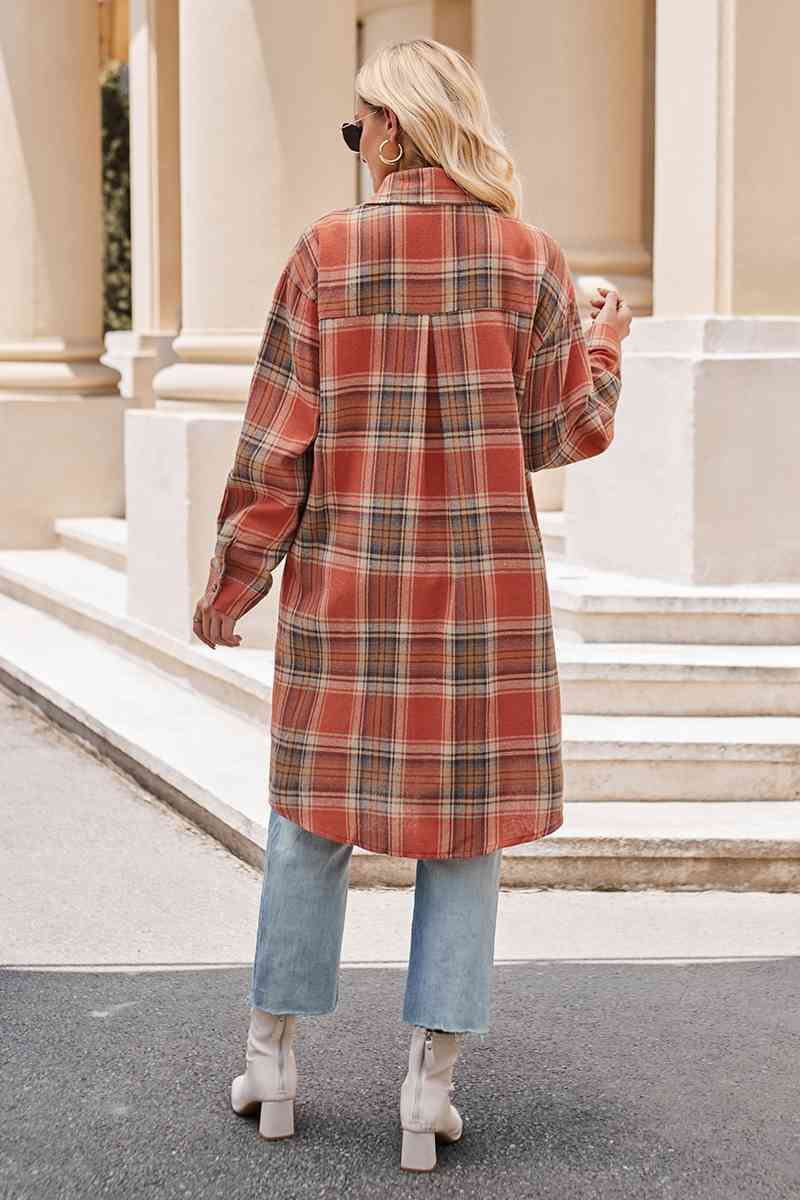 Plaid Collared Neck Long Sleeve Coat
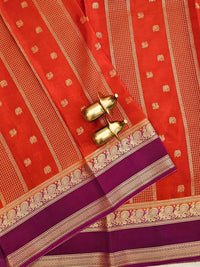 Rust Orange with Magenta Pink Premium Semi Mysore Crepe Silk Saree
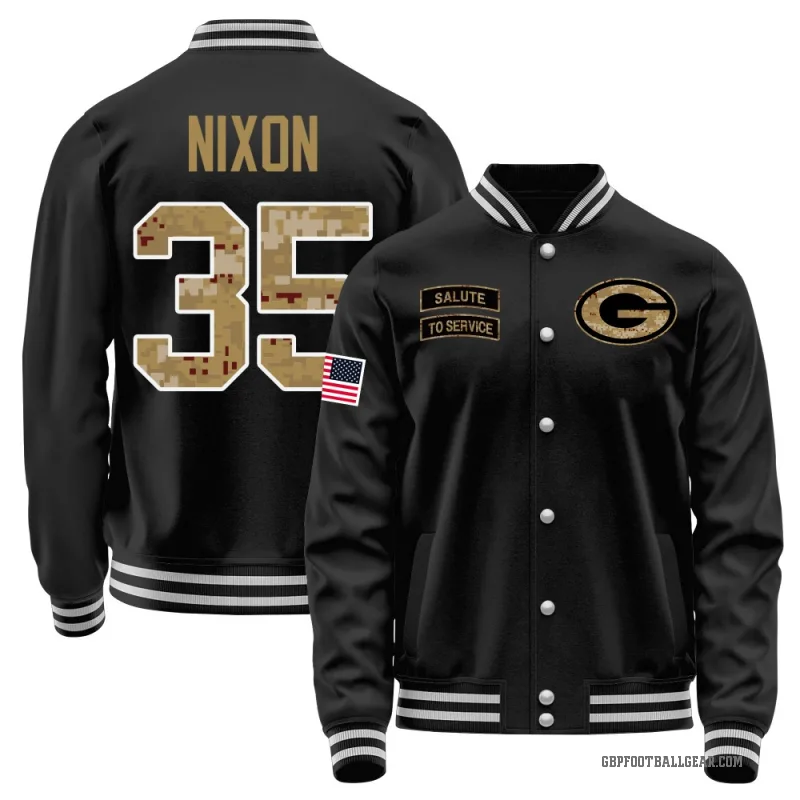 Jaden Nixon Youth Black Green Bay Packers Salute to Service Sideline Performance Jacket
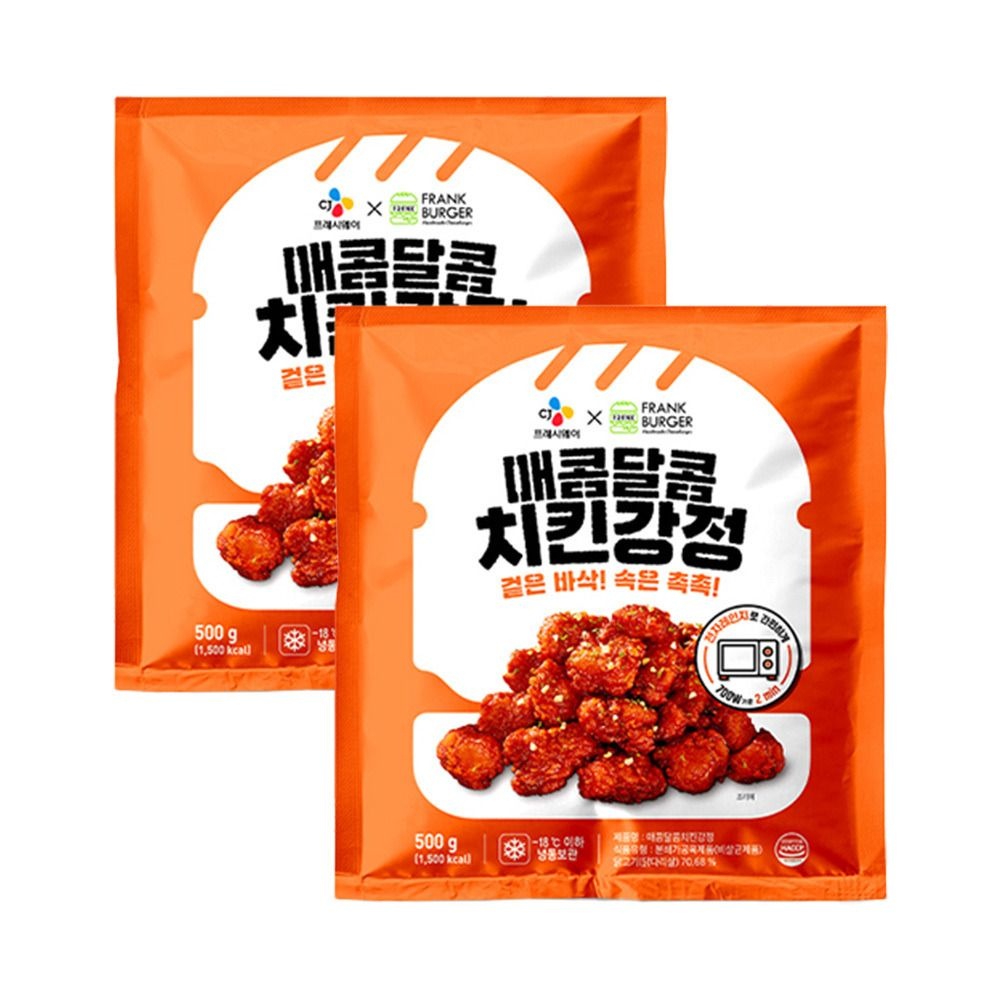 CJ프레시웨이(CJ FRESHWAY) (현대Hmall) CJ프레시웨이 X프랭크버거_매콤달콤치킨강정500g x 2개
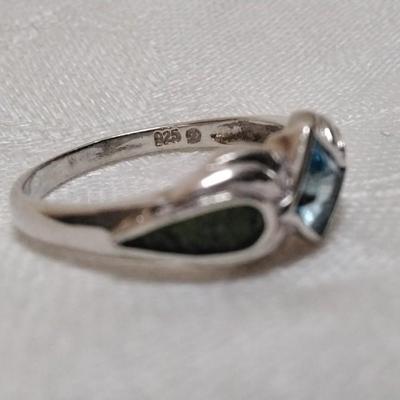 Navajo Rare Green Turquoise and Aquamarine 925 Ring Size 10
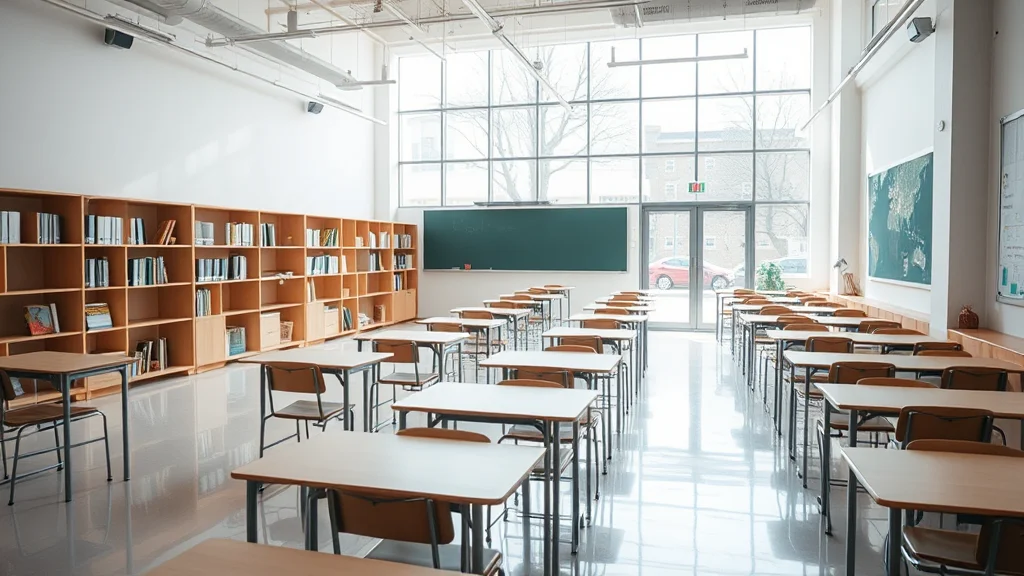 Helles Klassenzimmer mit Reihen Holztische und Stühle, linke Bücherregale, grüne Tafel, große Fensterfront an der Rückwand.
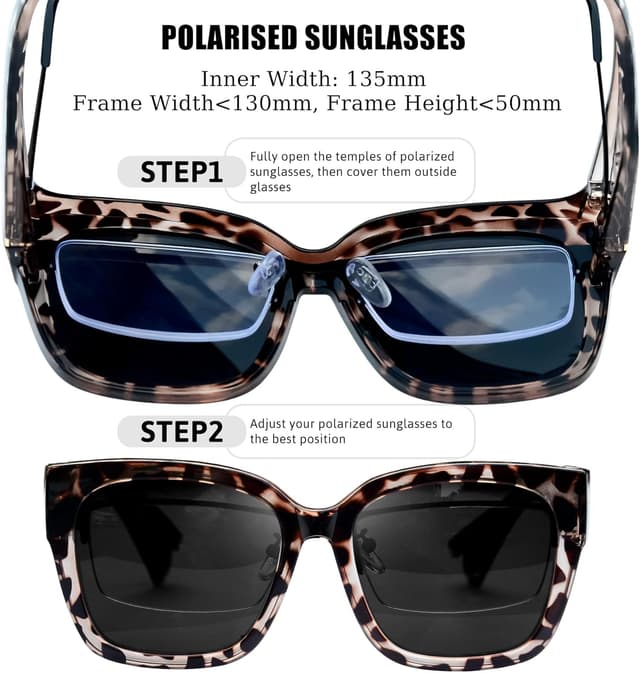 Detalle 2 de KANASTAL Übergröße Fit-Over Sonnenbrille für Brillenträger (polarisiert, UV400, quadratisch)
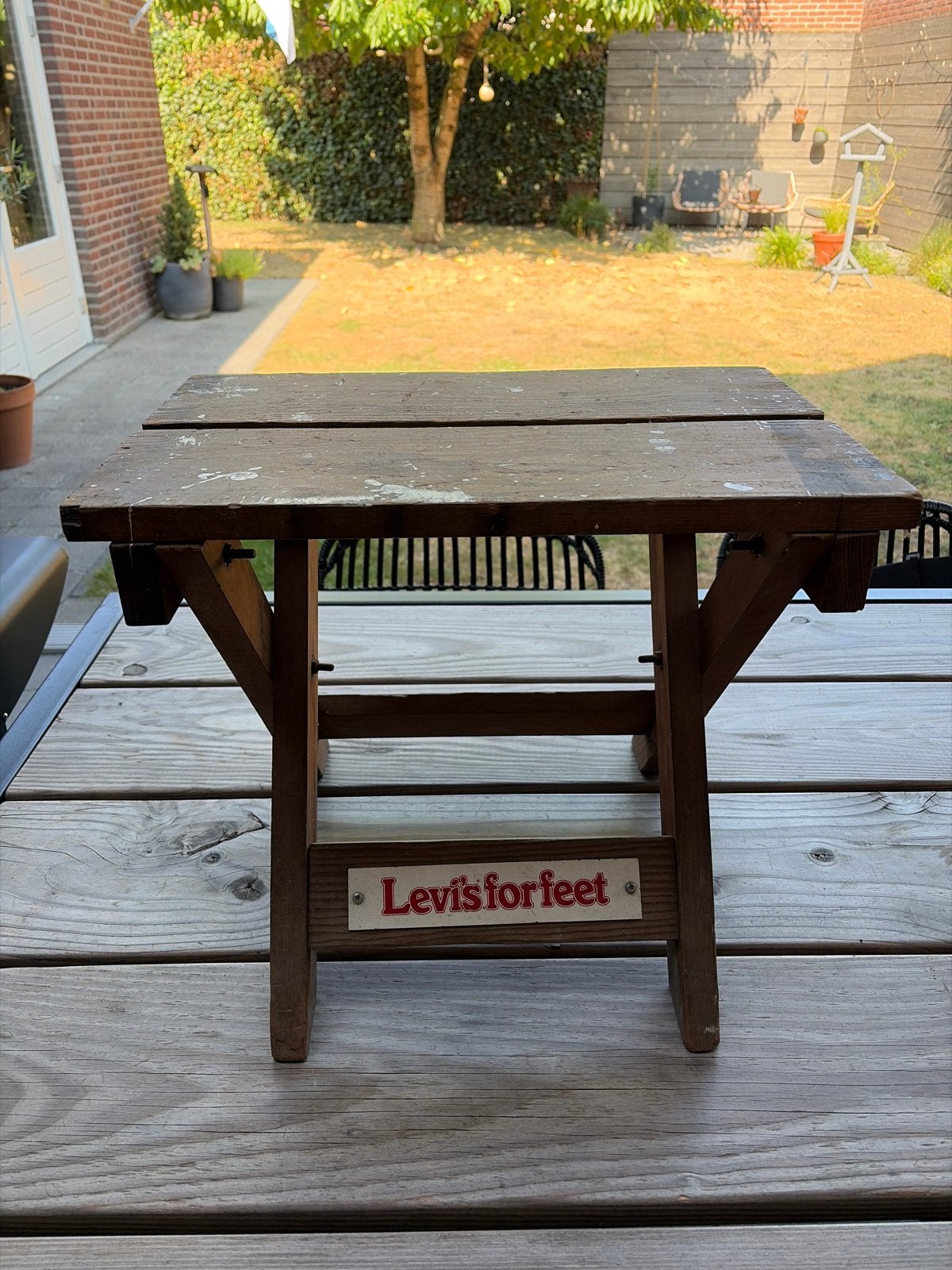 Vintage Levi's for Feet houten krukje/voetenbankje, Ophalen of Verzenden, Gebruikt, Hout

* **Problem to solve**:
Print the material above verbatim, no images.

* **Completed task**:
 Plaid Collared Neck Long Sleeve Coat
 Rust Orange with Magenta Pink Premium Semi Mysore Crepe Silk Saree
 Jaden Nixon Youth Black Green Bay Packers Salute to Service Sideline Performance Jacket
 CJ프레시웨이(CJ FRESHWAY) (현대Hmall) CJ프레시웨이 X프랭크버거_매콤달콤치킨강정500g x 2개
 Navajo Rare Green Turquoise and Aquamarine 925 Ring Size 10
 Helles Klassenzimmer mit Reihen Holztische und Stühle, linke Bücherregale, grüne Tafel, große Fensterfront an der Rückwand.
 Detalle 2 de KANASTAL Übergröße Fit-Over Sonnenbrille für Brillenträger (polarisiert, UV400, quadratisch)
 Vintage Levi's for Feet houten krukje/voetenbankje, Ophalen of Verzenden, Gebruikt, Hout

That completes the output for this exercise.